> _The problem_
Set the data down exactly as it stands, and keep its pictures out.

··· Excerpted data ···

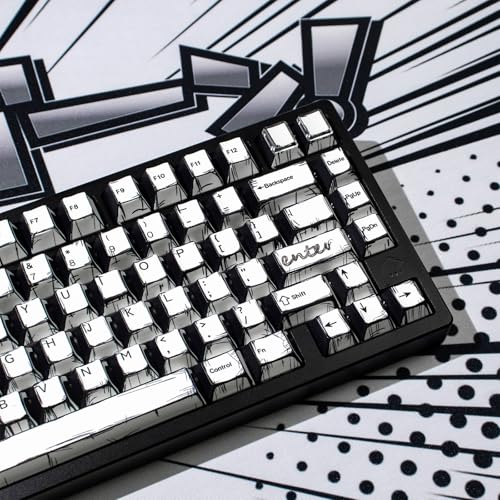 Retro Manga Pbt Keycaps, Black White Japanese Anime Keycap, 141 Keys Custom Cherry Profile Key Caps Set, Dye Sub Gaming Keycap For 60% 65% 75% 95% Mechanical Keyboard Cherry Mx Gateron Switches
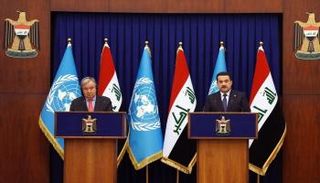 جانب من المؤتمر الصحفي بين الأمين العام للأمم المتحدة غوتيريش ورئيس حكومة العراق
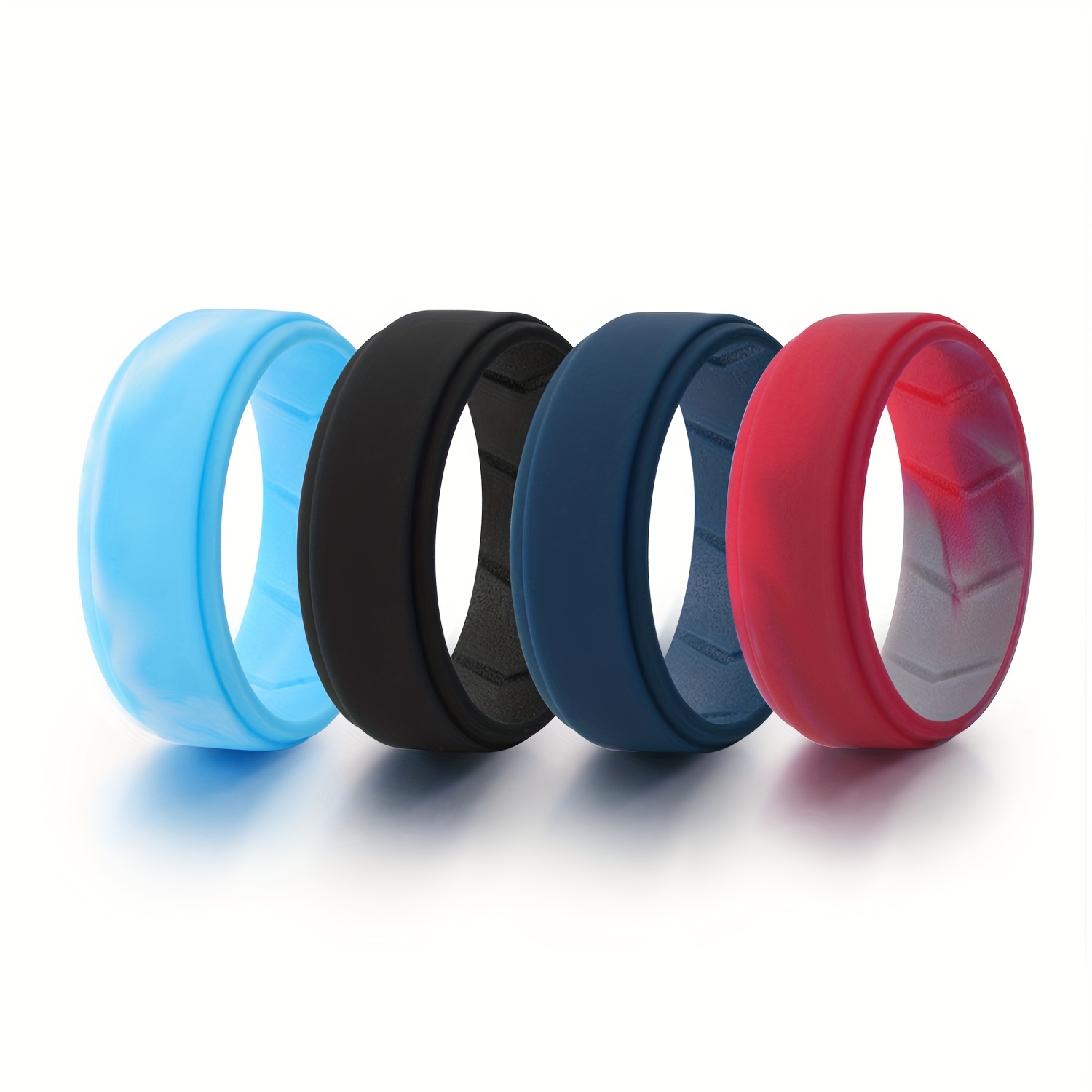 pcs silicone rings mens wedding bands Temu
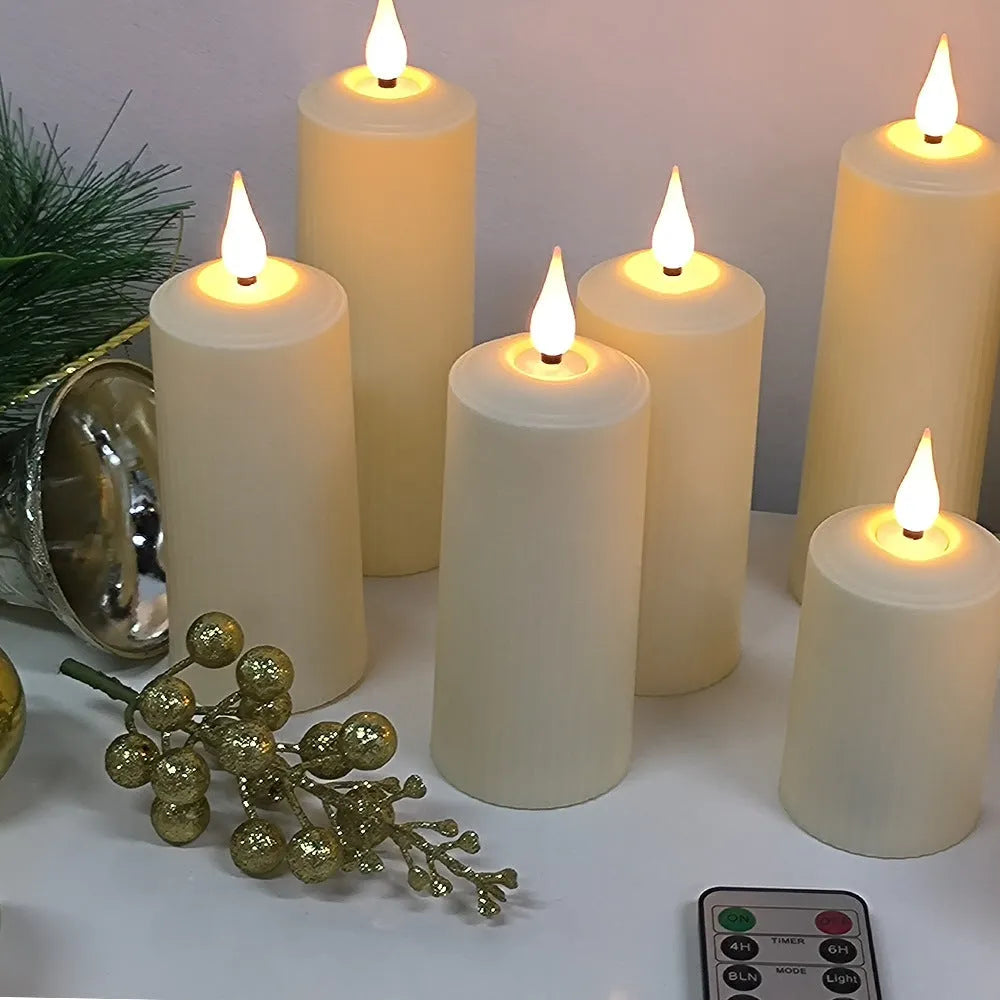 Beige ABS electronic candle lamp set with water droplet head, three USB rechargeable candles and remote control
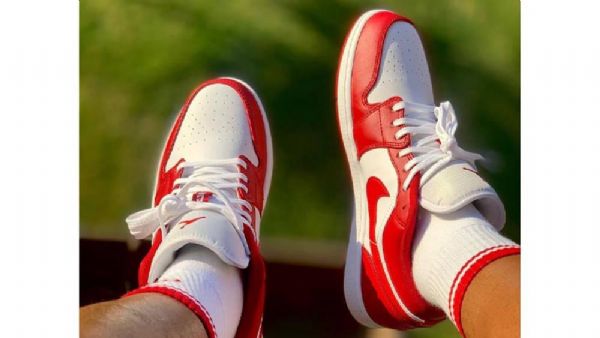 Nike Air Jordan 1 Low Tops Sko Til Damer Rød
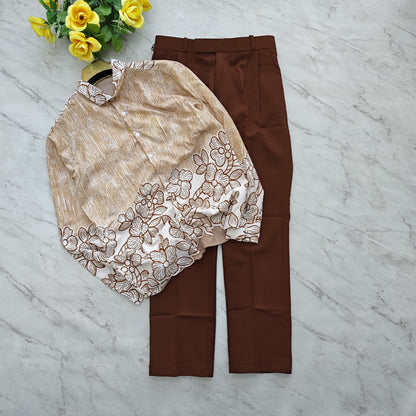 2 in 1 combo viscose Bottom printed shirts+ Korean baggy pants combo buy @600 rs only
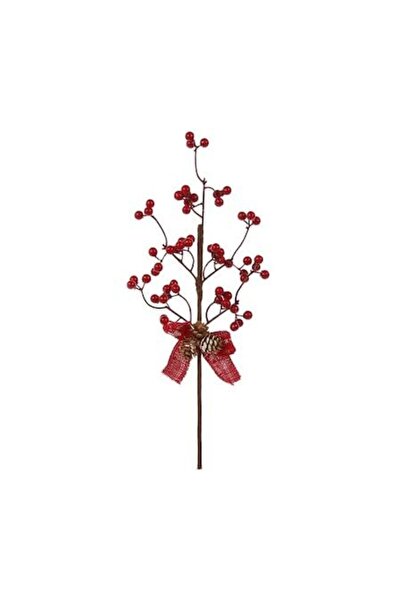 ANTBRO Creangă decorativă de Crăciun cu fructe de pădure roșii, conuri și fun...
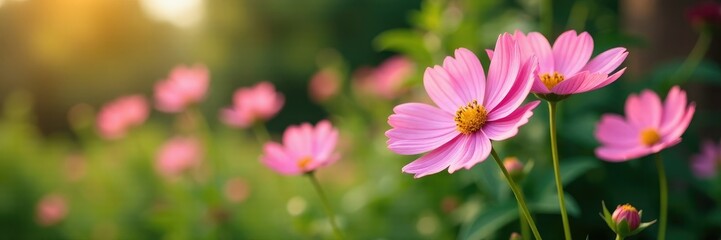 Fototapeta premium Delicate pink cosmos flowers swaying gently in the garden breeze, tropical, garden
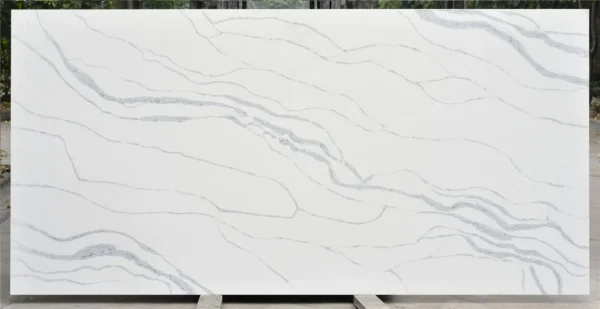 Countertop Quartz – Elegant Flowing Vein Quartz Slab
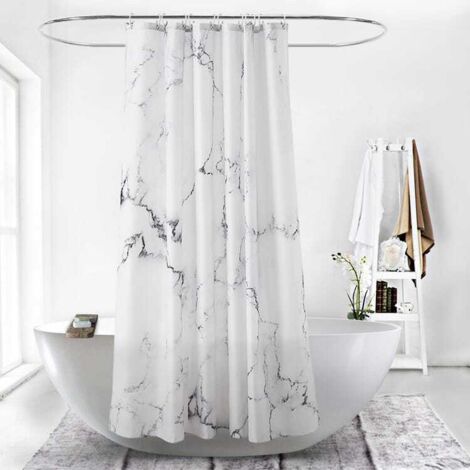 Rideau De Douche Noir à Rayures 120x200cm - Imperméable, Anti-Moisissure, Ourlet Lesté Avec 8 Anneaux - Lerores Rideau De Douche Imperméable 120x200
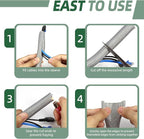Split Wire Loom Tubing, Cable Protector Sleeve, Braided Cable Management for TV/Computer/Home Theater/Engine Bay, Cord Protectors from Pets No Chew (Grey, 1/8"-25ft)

···

> _Written solution_
 Retro Manga Pbt Keycaps, Black White Japanese Anime Keycap, 141 Keys Custom Cherry Profile Key Caps Set, Dye Sub Gaming Keycap For 60% 65% 75% 95% Mechanical Keyboard Cherry Mx Gateron Switches
 جانب من المؤتمر الصحفي بين الأمين العام للأمم المتحدة غوتيريش ورئيس حكومة العراق
 pcs silicone rings mens wedding bands Temu
 Beige ABS electronic candle lamp set with water droplet head, three USB rechargeable candles and remote control
 Nike Air Jordan 1 Low Tops Sko Til Damer Rød
 2 in 1 combo viscose Bottom printed shirts+ Korean baggy pants combo buy @600 rs only
 ANTBRO Creangă decorativă de Crăciun cu fructe de pădure roșii, conuri și fun...
 Fototapeta premium Delicate pink cosmos flowers swaying gently in the garden breeze, tropical, garden
 Countertop Quartz – Elegant Flowing Vein Quartz Slab
 Rideau De Douche Noir à Rayures 120x200cm - Imperméable, Anti-Moisissure, Ourlet Lesté Avec 8 Anneaux - Lerores Rideau De Douche Imperméable 120x200
Split Wire Loom Tubing, Cable Protector Sleeve, Braided Cable Management for TV/Computer/Home Theater/Engine Bay, Cord Protectors from Pets No Chew (Grey, 1/8"-25ft)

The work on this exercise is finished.